A proposed circumcision ban is likely headed for San Francisco's ballot in November.
"We are on track to submit the required number of signatures," Lloyd Schofield, the retired hotel credit manager behind the initiative, told The Bay Citizen.
Supporters have until April 26 to gather 7,200 valid signatures. Schofield said he aims to surpass that figure before the deadline.
The measure would make it "unlawful to circumcise, excise, cut, or mutilate the whole or any part of the foreskin, testicles, or penis of another person who has not attained the age of 18 years."
Violators of the ordinance would be deemed guilty of a misdemeanor and, if convicted, could face a year in jail and a $1,000 fine.
Schofield refused to reveal how many valid signatures had been gathered to date and the The Bay Citizen has not viewed copies of the signed the petitions. But Schofield said 10 to 15 volunteers have hit the streets regularly gathering signatures.
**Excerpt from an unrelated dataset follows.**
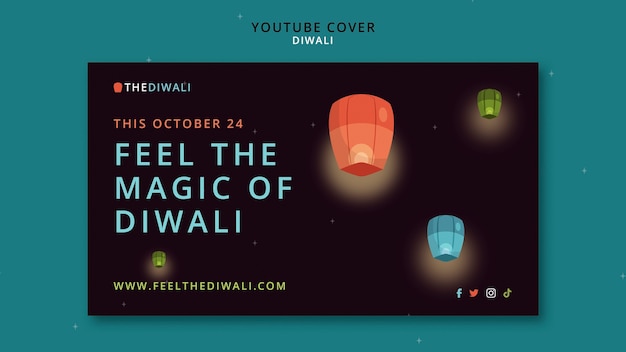 PSD gratuito modello di copertina di youtube per la celebrazione del festival di diwali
The campaign is also using paid signature gatherers, he said.
At the Anti-Defamation League's regional office in San Francisco, Nancy Appel was reluctant to take Schofield's statements at face value. "He can say whatever he wants but we have no idea if this will end up on the ballot and we won't know until after the end of April," she said.
Appel said the ADL is studying its options, including filing a legal petition to keep the measure off the ballot on constitutional grounds even if it garners the required number of signatures.
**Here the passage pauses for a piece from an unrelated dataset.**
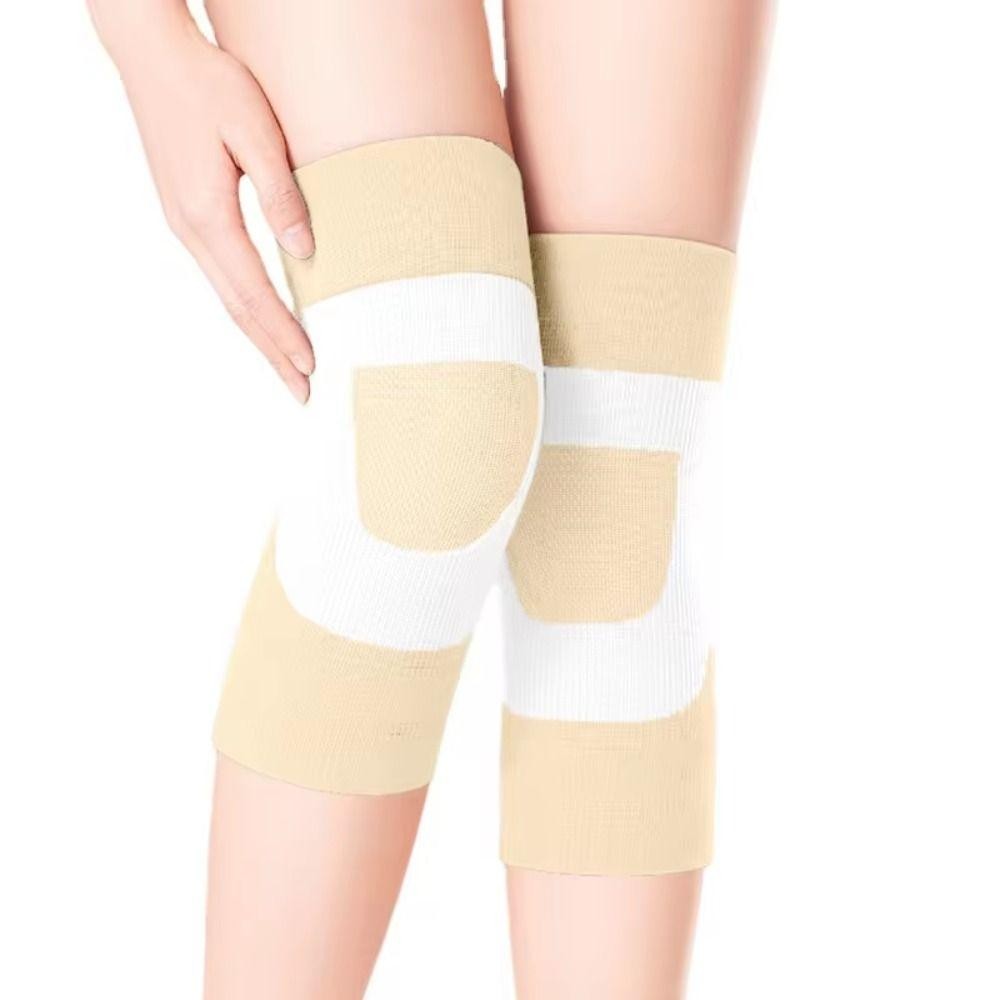 FUHUIOT - 1 Cặp Nẹp Đầu Gối Co Giãn, Miếng Lót Chống Trơn Trượt Từ Nylon, Hỗ Trợ Đầu Gối Nhẹ Nhàng Phù Hợp Tập Thể Dục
Jews and Muslims alike circumcise their male children as a way to declare their faith and declare their covenant with God. Most legal scholars believe the right to circumcise is protected by the 1st Ammendment.
Jewish groups promised a fight should the measure land on on the ballot.
"There will be an organized campaign against it," said Abby Michaelson-Porth, associate director of the Jewish Community Relations Council.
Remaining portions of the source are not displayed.